It was conventional in Herodotus's day for authors to "publish" their works by reciting them at popular festivals. According to Lucian, Herodotus took his finished work straight from Anatolia to the Olympic Games and read the entire Histories to the assembled spectators in one sitting, receiving rapturous applause at the end of it.[36] According to a very different account by an ancient grammarian,[37] Herodotus refused to begin reading his work at the festival of Olympia until some clouds offered him a bit of shade – by which time the assembly had dispersed. (Hence the proverbial expression "Herodotus and his shade" to describe someone who misses an opportunity through delay.) Herodotus's recitation at Olympia was a favourite theme among ancient writers, and there is another interesting variation on the story to be found in the Suda: that of Photius[38] and Tzetzes,[39] in which a young Thucydides happened to be in the assembly with his father, and burst into tears during the recital. Herodotus observed prophetically to the boy's father, "Your son's soul yearns for knowledge."

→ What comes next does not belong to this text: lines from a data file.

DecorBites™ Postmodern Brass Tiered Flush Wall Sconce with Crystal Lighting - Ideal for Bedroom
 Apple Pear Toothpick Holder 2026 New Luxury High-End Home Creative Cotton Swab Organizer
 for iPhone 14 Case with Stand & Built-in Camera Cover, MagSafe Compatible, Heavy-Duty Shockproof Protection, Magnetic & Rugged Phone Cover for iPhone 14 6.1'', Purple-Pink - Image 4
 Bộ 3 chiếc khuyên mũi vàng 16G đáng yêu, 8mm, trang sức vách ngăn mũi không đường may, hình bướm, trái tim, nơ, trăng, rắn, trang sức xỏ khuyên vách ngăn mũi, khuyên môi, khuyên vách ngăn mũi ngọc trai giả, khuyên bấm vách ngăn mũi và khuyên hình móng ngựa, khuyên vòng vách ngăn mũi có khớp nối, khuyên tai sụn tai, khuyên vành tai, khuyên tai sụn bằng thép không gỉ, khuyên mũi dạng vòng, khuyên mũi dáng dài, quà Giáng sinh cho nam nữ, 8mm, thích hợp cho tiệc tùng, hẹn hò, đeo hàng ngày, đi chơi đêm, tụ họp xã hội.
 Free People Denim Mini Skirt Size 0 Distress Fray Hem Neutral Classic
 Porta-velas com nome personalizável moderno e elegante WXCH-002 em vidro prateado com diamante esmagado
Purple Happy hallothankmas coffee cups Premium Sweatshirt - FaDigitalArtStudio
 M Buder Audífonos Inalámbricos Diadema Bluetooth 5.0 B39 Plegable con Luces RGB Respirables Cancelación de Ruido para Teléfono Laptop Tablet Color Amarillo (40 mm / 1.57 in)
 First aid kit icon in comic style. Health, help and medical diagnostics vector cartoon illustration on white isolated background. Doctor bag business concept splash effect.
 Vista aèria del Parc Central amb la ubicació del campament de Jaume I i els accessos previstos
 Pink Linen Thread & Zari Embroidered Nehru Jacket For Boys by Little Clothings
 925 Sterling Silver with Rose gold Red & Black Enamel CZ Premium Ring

Eventually, Thucydides and Herodotus became close enough for both to be interred in Thucydides' tomb in Athens. Such at least was the opinion of Marcellinus in his Life of Thucydides.[40] According to the Suda, he was buried in Macedonian Pella and in the agora in Thurium.[41]

Reliability

Dedication in the Histories, translated into Latin by Lorenzo Valla, Venice 1494

The accuracy of the works of Herodotus has been controversial since his own era. Kenton L. Sparks writes, "In antiquity, Herodotus had acquired the reputation of being unreliable, biased, parsimonious in his praise of heroes, and mendacious". The historian Duris of Samos called Herodotus a "myth-monger".[42] Cicero (On the Laws I.5) said that his works were full of legends or "fables".[43] The controversy was also commented on by Aristotle, Flavius Josephus and Plutarch.[44][45] The Alexandrian grammarian Harpocration wrote a whole book on "the lies of Herodotus".[46] Lucian of Samosata went as far as to deny the "father of history" a place among the famous on the Island of the Blessed in his Verae Historiae.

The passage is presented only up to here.